* _Directions for this task_: Copy out again, unchanged, the listing below from the line that has "floorfusion 39floral39 design" through the line that has "EXACOMPTA Fiches bristol, 125".

* _Exercise material_:
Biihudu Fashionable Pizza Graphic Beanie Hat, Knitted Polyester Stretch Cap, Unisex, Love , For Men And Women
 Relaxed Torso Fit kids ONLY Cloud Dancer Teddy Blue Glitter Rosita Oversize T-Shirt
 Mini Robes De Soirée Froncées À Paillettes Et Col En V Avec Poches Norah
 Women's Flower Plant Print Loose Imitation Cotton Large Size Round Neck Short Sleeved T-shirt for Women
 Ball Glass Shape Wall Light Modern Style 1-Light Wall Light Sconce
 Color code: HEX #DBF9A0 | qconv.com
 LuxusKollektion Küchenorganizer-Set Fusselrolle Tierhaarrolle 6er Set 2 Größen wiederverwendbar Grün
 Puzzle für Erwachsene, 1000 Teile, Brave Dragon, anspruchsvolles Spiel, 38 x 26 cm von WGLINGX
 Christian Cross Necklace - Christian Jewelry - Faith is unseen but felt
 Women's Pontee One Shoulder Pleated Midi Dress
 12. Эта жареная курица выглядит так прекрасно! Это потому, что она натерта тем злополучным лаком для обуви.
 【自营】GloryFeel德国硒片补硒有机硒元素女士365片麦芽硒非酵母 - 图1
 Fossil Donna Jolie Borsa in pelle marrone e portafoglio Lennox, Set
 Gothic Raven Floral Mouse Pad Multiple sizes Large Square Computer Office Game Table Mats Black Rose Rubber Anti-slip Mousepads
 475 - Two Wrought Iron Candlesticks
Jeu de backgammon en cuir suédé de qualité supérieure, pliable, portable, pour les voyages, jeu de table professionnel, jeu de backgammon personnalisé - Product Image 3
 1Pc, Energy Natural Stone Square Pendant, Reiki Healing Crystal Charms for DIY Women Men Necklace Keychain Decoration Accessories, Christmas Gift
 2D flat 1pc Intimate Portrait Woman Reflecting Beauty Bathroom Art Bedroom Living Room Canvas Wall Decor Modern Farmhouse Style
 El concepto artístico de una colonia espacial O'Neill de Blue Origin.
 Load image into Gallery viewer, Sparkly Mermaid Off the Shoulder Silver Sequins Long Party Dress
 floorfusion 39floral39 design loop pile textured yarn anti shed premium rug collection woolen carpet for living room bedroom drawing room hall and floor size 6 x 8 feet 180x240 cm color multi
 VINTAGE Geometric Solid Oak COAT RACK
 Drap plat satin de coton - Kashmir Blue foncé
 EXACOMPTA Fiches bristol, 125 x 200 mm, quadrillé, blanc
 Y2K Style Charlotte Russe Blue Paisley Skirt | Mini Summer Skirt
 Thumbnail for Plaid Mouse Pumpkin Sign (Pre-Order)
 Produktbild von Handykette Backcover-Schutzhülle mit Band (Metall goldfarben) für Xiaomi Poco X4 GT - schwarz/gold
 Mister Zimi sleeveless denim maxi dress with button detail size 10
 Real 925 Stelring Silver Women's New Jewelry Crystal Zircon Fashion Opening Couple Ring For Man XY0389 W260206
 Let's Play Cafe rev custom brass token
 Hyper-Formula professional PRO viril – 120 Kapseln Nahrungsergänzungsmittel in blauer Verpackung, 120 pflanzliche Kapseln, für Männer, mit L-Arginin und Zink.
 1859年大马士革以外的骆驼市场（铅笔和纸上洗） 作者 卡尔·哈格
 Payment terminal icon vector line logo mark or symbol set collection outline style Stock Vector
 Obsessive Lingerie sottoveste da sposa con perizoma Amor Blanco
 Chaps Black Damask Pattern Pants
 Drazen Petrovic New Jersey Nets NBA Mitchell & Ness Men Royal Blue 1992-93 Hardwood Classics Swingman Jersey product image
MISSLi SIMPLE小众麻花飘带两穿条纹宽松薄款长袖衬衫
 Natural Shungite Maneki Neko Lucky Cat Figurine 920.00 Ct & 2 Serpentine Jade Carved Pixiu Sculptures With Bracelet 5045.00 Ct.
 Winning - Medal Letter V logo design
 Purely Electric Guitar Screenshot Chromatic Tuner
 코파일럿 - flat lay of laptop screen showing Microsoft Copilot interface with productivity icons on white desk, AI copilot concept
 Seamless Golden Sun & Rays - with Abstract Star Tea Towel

* _Answer box_:
 floorfusion 39floral39 design loop pile textured yarn anti shed premium rug collection woolen carpet for living room bedroom drawing room hall and floor size 6 x 8 feet 180x240 cm color multi
 VINTAGE Geometric Solid Oak COAT RACK
 Drap plat satin de coton - Kashmir Blue foncé
 EXACOMPTA Fiches bristol, 125 x 200 mm, quadrillé, blanc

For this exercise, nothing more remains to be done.